This paper describes advances in an integrated analysis workflow of Distributed Acoustic Sensing (DAS) and Distributed Temperature Sensing (DTS) for water injection profiling on a horizontal well, completed with Limited Entry Liners (LEL). The well is completed as an injector with Limited Entry Liner (LEL), MRC horizontal lateral made of 18 separated zones with packers, each with variable numbers of holes.
DAS and DTS data were acquired on coiled tubing, over an acid stimulation period followed by a water injection period. Previous analysis of the dataset, SPE-203065, focused on DTS warm-back models and highlighted challenges in the process; the use of the DAS data was limited.
Recent re-processing of the data using advanced acoustic signal processing techniques was performed to extract several flow characteristics. Both transient and steady state injection conditions were analyzed:
High-definition low frequency slow strain DAS was extracted over the shut-in to injection transient to compute an initial injection velocity profile as well as a stage level injection distribution across the liners. During steady state flow, acoustic denoising algorithms were applied to the DAS data in order to generate a spectral noise log of high signal to noise ratio (SNR) for the detection of all major injection points. Video animations were generated of spectral noise logs over time, to evaluate the dynamic behavior of the injection profile from start to end. The warm-back DTS data was analyzed for a qualitative assessment of the injection Finally, a quantitative injection profile was computed, and the results were compared against a separate PLT log at both stage and nozzle levels.

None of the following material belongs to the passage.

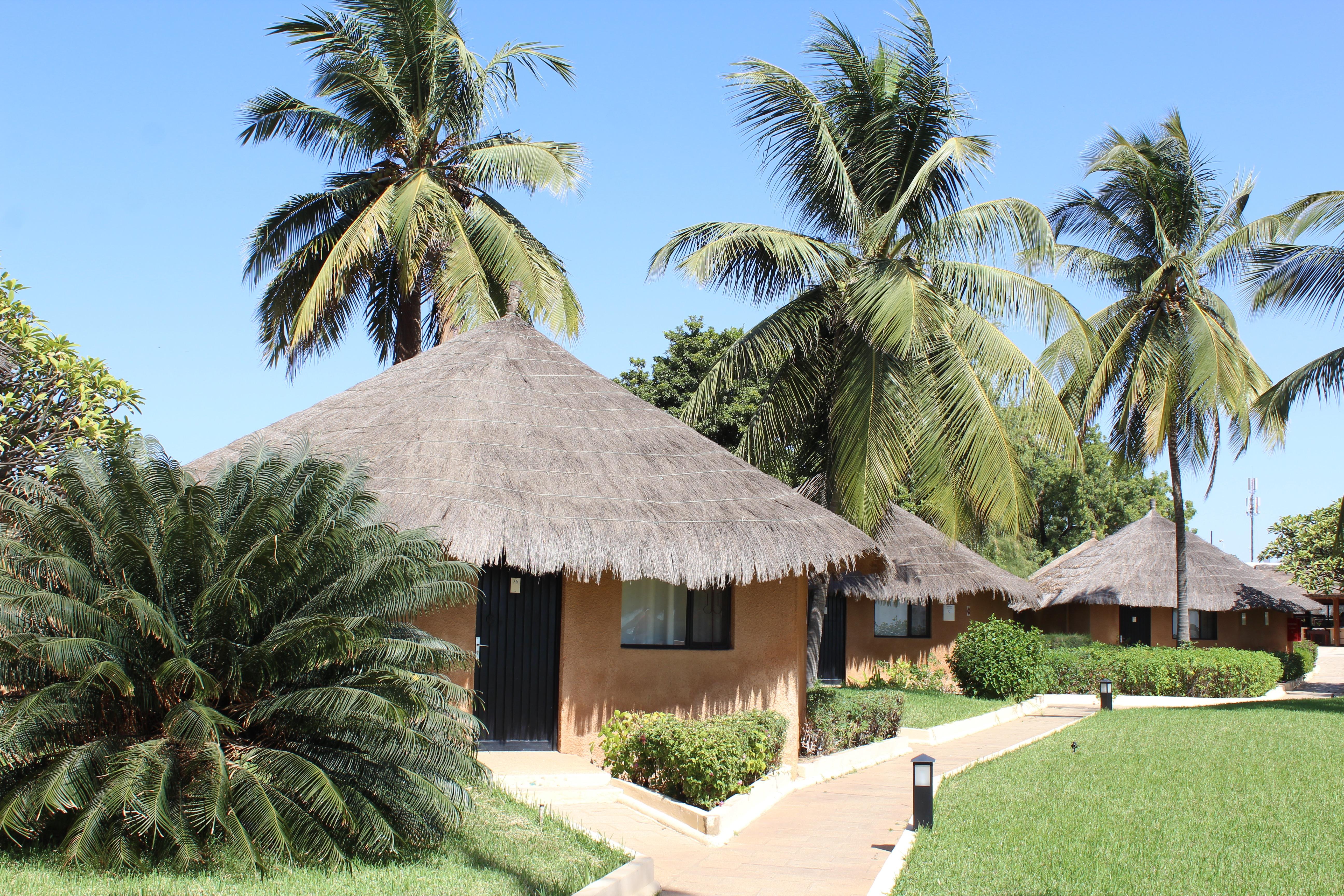 Le Saly Hotel & Hotel Club Filaos Exteriör bild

The results of the transient and steady state flow analysis converged and showed the highest water intake to occur over the heel-ward stages. The depths of highest rate of change in injection velocity, aligned with the strongest acoustic signals from the enhanced noise log. Inversely, the weaker acoustic outflow activities over the middle and toe sections aligned with the smaller velocity changes. The video animations showed a stable injection profile over time. The qualitative DTS analysis confirmed the overall DAS-based injection profile.

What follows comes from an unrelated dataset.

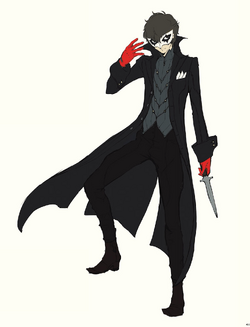 Ren Amamiya Joker Persona 5 - Chiqui Creates - Digital Art,  Entertainment, Other Entertainment - ArtPal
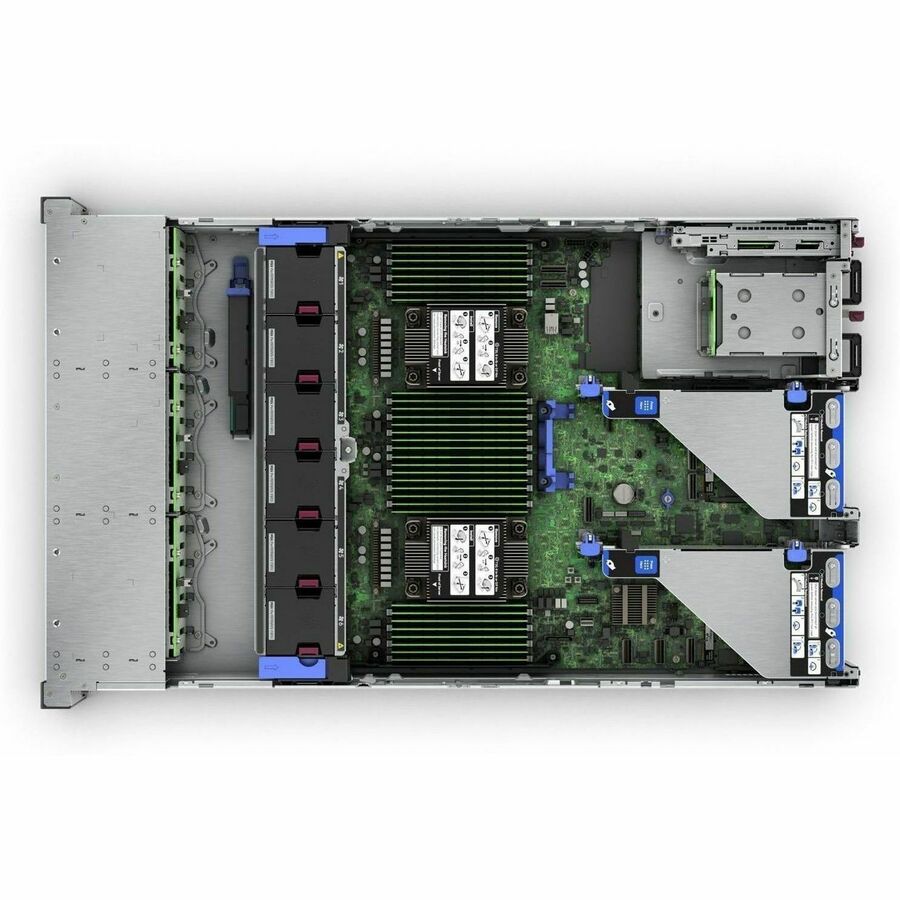 HPE ProLiant DL380 G11 2U Rack Server - 1 x Intel Xeon Gold 5416S 2 GHz - 64 GB RAM - 1.92 TB SSD - (2 x 960GB) SSD Configuration - 12Gb/s SAS, Serial ATA/600, NVMe Controller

The comparison with the PLT injection allocation highlighted clear differences in the profiles. These are being discussed, as well as the possible causes for the discrepancies.
This analysis demonstrates the strength of an integrated DAS and DTS analysis workflow using both transient and steady state conditions. DAS array processing techniques enabled the extraction of high-definition transient thermal plumes, allowing for an early injection profile, which was further strengthened by high SNR spectral noise logging.